Website Shopping Cart Optimization

by Brook Lenox on August 20, 2010

Shopping Cart OptimizationAre you selling products or services on your website? One of the best ways to increase your revenue is to increase your traffic, right?

Not necessarily. Before you increase your traffic, you should make sure to optimize your shopping cart. Why?

Let’s say you have 1,000 visitors daily to your site and 1% (or 10) of them order. Increasing your traffic by 5x or 5,000 visitors a day would only increase your orders by 40 from 50.

But if you first optimize your shopping cart and increase your conversion rate from 1% to 2% and then increase your traffic by 5x, then you’ll be driving 100 more orders daily.

Eights steps to shopping cart optimization:

 

  • Find your baseline #’s
  • Decrease the # of steps
  • Shorten every page
  • Add links and logos to reassure buyers
  • Leave no button unturned
  • Remove unnecessary fields
  • Adjust your shipping costs
  • Email those that abandon their carts

#1 Find Your Baseline #’s

Before you do any optimizing, figure out some basics numbers for your site. 

Here are a few that are important to know:

  • Site conversion rate = # of conversions / # of visitors for a given time period
  • Shopping cart conversion rate = # of people that finish orders / # of people that start orders for a given time period
  • Abandonment rate = % that abandon from each shopping cart page

Knowing these metrics, will give you something to compare against, after you make changes.

#2 Decrease the # of Steps

Many websites make visitors go through too many steps to check out. With every new page you add people will drop off.  If you’ve got 5 different pages in your check out process, could you make it 3 or 4? Combine pages, take out all unnecessary steps. All of this will help.

#3 Shorten Every Page

Look at every page. Is there a way to move the content up without crunching it all together too much? Can you remove extra graphics or make them smaller? The whole idea is that less might just be more. Pretend for a moment that you are a visitor and go through each page. Go to some of the best websites and go through their order process.

#4 Add Links and Logos to Reassure Buyers

Especially if you are not a major online player (i.e. Amazon, Best Buy, etc), visitors might be wary of ordering from your site. By adding a BBB (Better Business Bureau) logo, a Versign Secured logo, or a 60-day money back guarantee logo, you will help users feel more comfortable with your site.

The more they trust you, the more likely they’ll be willing to order from you.

#5 Leave NO Button Unturned

Two notes about buttons:

  • If you use unprofessional looking buttons, you’ll look like a fly by night site, and users will fly :) away from your site.
  • You should consider adding “checkout” or “continue” buttons at both the top and bottom of every page so users won’t have to scroll so much to get to the next page.

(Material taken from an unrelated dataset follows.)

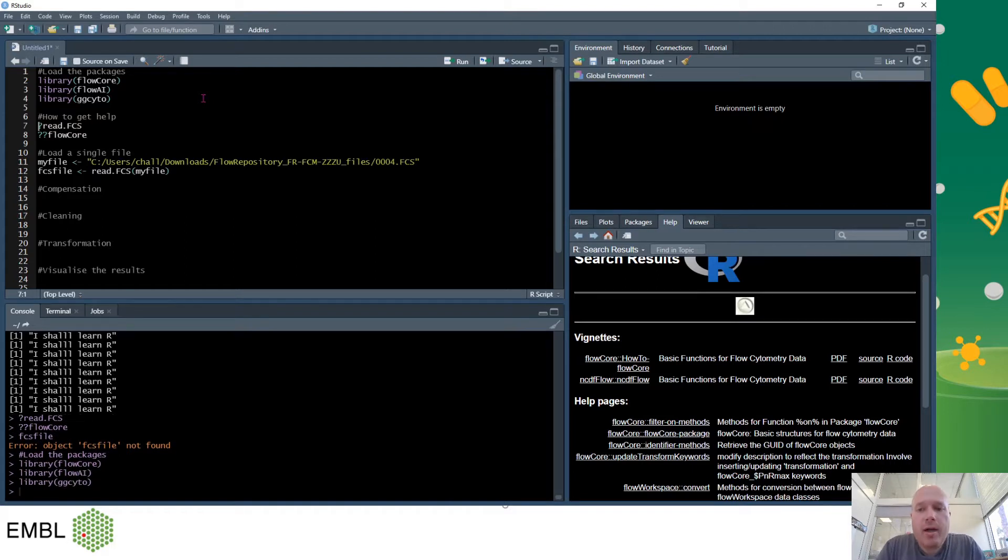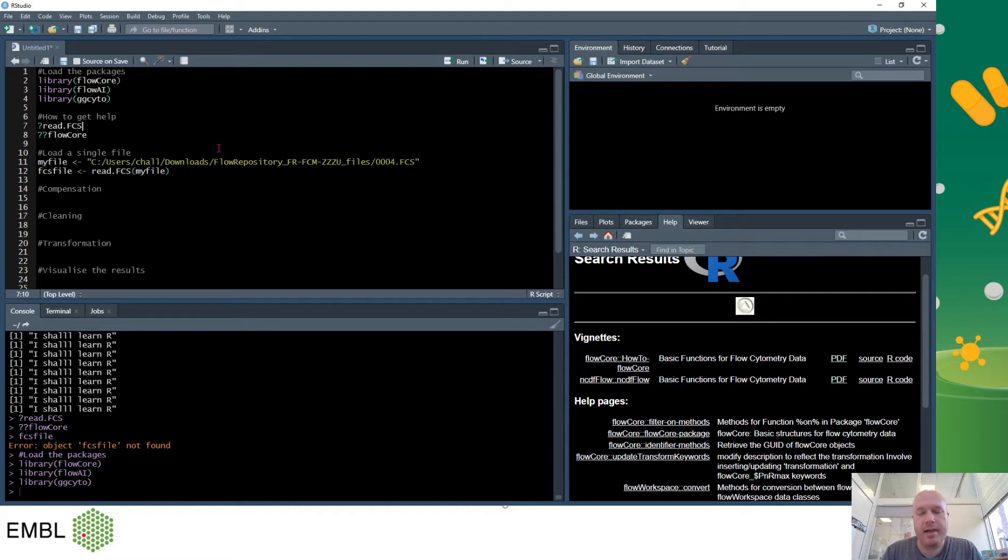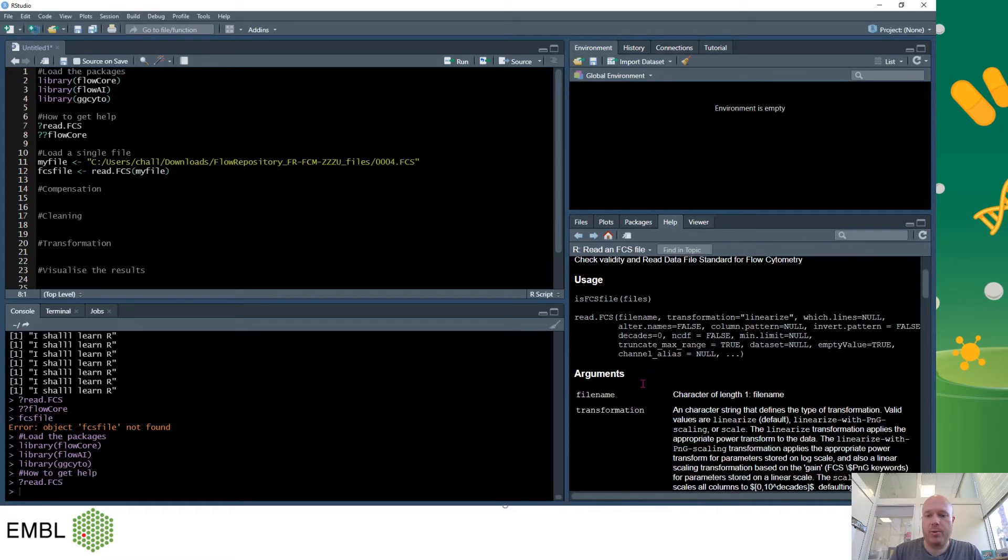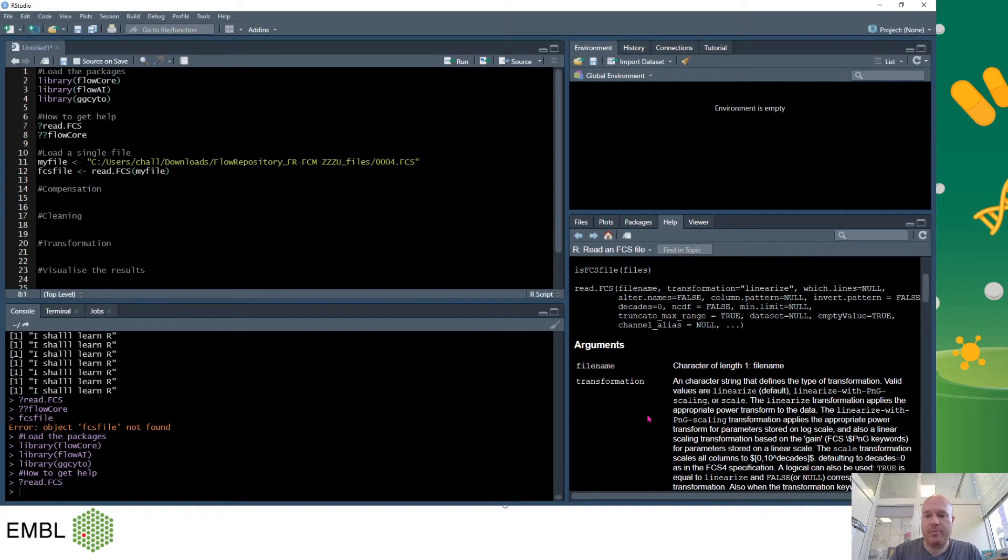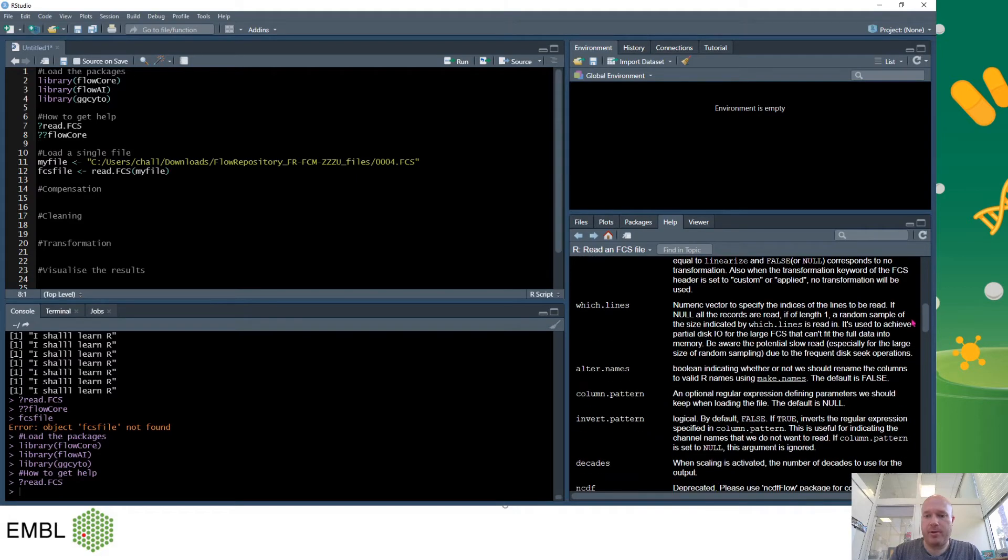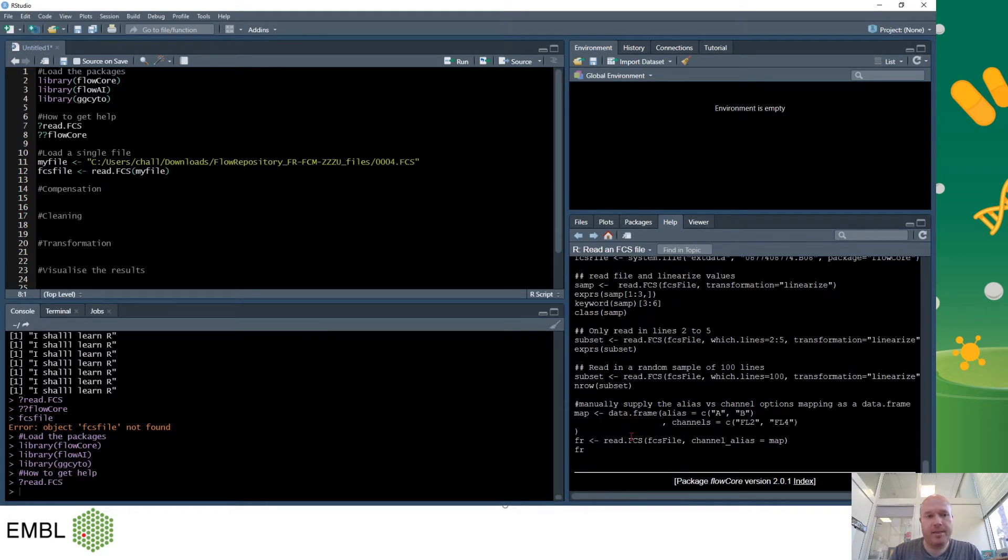So how do we get some help and understand what we're doing? The best way is to use the documentation within R. To do this you use the question mark command and you can choose your command. So this is question mark flowcore.fcs. You'll see in the bottom right it shows me the help file with all the relevant arguments and at the very bottom an example of how to use this command.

#6 Remove Unnecessary Fields

Many, many times when a shopping cart is created it’s over done. In trying to cover everything, you end up losing sales.

Here are fields to avoid:

  • Asking a bunch of marketing questions (do this via surveys or on the thank you page after the order is complete)
  • Making them fill in a separate shipping versus billing address. Have a check box to click in if they are the same.
  • Give them the option to create an account, but don’t force them to. It’s more fields. It takes more of their valuable time.

#7 Adjust your Shipping Costs

Couple of notes on shipping:

  • Show it upfront. Some sites force you way into the order process to see the shipping charges. Not a great customer experience.
  • Make it simple. If only PHDs can figure out shipping on your site, only PHDs will be buying!
  • Do you have to charge for shipping? Do the math. If you can include it in the cost of the product do so.
  • Test offering free shipping and see how it impacts your order rate.

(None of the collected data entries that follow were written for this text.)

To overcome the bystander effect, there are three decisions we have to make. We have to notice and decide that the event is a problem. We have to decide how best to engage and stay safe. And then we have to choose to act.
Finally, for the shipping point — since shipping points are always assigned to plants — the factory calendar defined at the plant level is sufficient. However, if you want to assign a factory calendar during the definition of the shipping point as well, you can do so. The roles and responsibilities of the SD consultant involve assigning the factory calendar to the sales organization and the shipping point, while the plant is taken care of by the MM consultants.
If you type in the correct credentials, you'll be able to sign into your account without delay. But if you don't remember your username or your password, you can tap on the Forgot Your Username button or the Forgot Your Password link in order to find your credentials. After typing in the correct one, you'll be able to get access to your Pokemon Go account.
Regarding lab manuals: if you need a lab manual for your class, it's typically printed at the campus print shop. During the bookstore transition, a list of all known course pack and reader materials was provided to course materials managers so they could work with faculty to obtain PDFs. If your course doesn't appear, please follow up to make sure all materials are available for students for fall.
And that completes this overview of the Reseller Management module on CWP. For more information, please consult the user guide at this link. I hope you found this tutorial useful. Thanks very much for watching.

#8 Email those that Abandon their Carts

Ever get distracted when you are about to order something online? The door bell rings. The dog throws up (ugh). Maybe you just aren’t sure you need that turtle neck in July. If you’ve collected their email address, test sending those folks a free shipping coupon and a link to your customer support line. You might be amazed at how many come back and complete orders.

Finally

Couple of final thoughts:

  • If you’re the marketing person, work to get buy in from those coding the changes, by sharing how these changes might impact revenue.
  • Think about when you’ll make changes. Try to limit the #’s of variables. For example, don’t change the # of pages AND the shipping cost at the same time.
  • If it’s fiscally feasible (say that 5 times fast) add online chat or an 800# to your order pages.

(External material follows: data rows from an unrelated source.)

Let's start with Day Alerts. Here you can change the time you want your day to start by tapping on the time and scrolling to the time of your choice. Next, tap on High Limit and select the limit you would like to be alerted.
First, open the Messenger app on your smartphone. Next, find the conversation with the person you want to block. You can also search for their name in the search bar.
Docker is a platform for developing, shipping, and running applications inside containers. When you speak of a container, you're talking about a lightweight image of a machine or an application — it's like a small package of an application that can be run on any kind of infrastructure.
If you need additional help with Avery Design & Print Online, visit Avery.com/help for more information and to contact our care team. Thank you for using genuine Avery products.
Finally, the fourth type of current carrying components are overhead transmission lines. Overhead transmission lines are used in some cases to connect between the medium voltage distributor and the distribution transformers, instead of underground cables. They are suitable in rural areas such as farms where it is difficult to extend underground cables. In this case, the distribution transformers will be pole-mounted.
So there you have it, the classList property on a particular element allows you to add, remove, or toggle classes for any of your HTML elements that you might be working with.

Have questions? Let me know. Best of luck!

photo credits:  Auswandern Malaysia

{ 2 comments… read them below or add one }

Mark Wells September 12, 2011 at 3:09 pm

Good insight. What time frame do you recommend to arrive at your baseline #’s. Thanks!

Brook Lenox October 15, 2011 at 1:47 pm

@Mark – depends on how much traffic you have. I’d say you need to have at least 500 users go into your shopping cart to get a baseline #.